Would you copy the listing below exactly, keeping the pictures out?

**Dataset section**.
· · ·

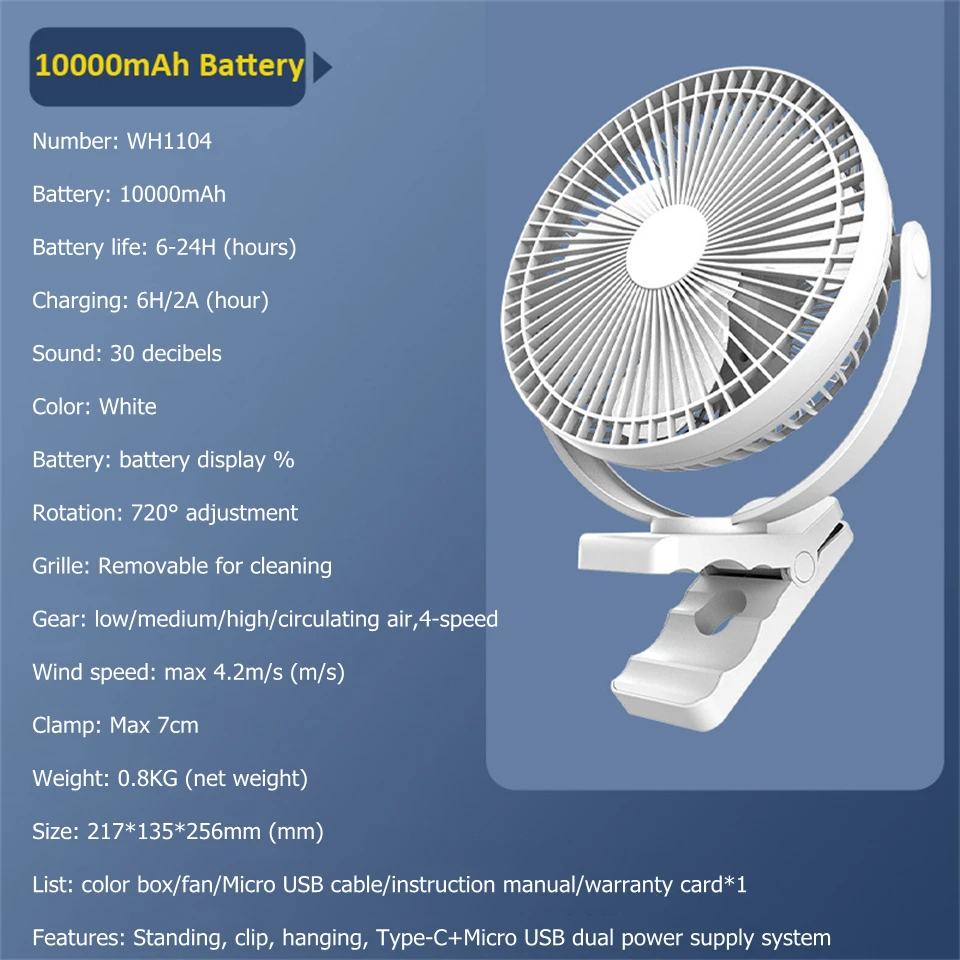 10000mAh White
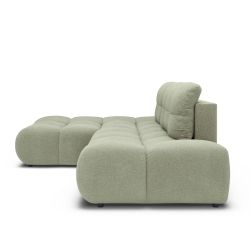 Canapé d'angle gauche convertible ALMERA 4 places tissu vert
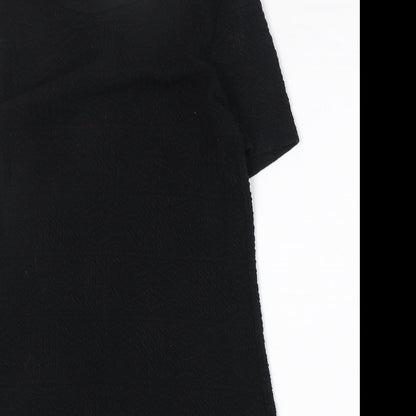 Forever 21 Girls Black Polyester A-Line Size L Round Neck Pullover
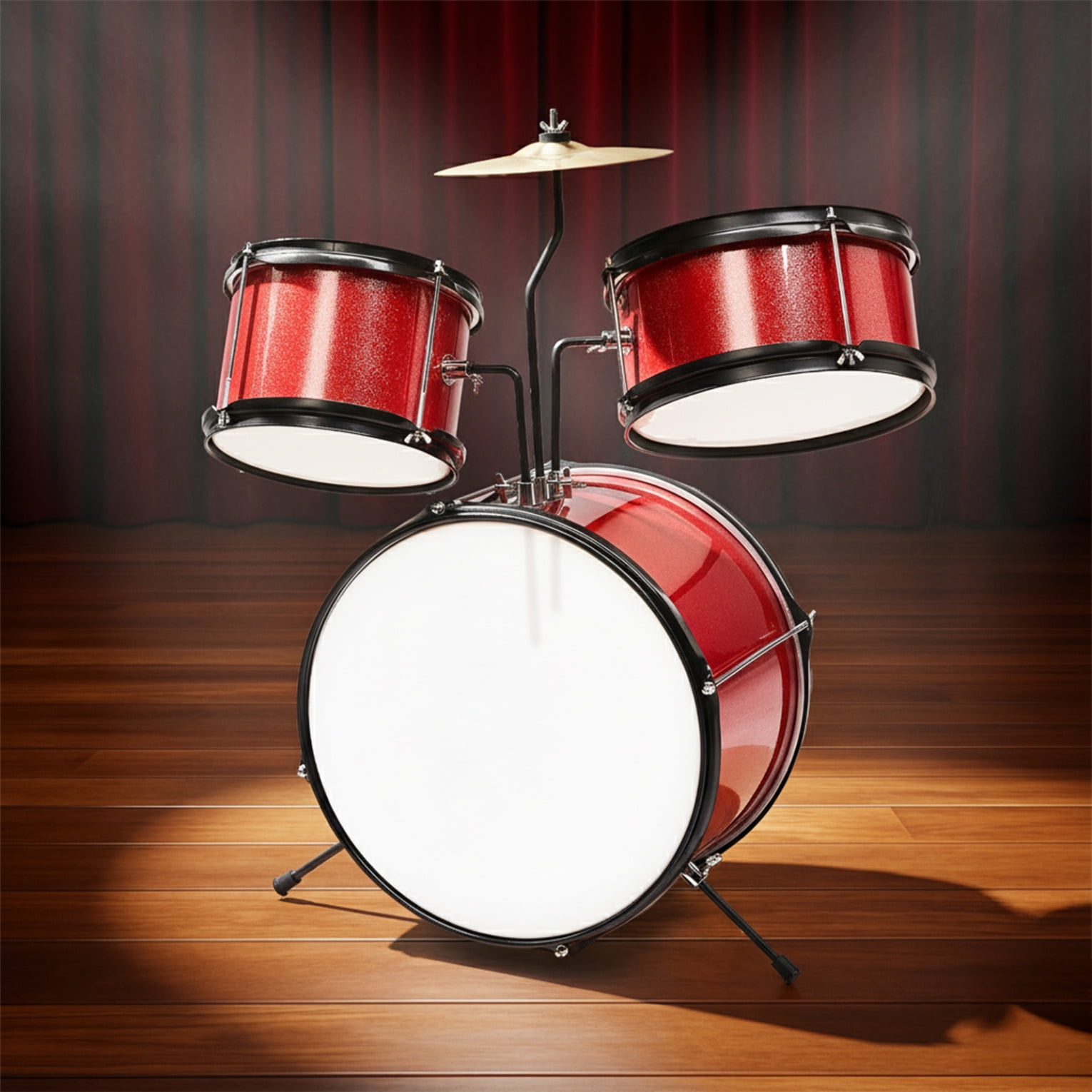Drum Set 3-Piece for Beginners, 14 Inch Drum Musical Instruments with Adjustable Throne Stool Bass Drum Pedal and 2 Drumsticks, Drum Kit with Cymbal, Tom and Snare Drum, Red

· · ·

**Task solution**.
 10000mAh White
 Canapé d'angle gauche convertible ALMERA 4 places tissu vert
 Forever 21 Girls Black Polyester A-Line Size L Round Neck Pullover
Drum Set 3-Piece for Beginners, 14 Inch Drum Musical Instruments with Adjustable Throne Stool Bass Drum Pedal and 2 Drumsticks, Drum Kit with Cymbal, Tom and Snare Drum, Red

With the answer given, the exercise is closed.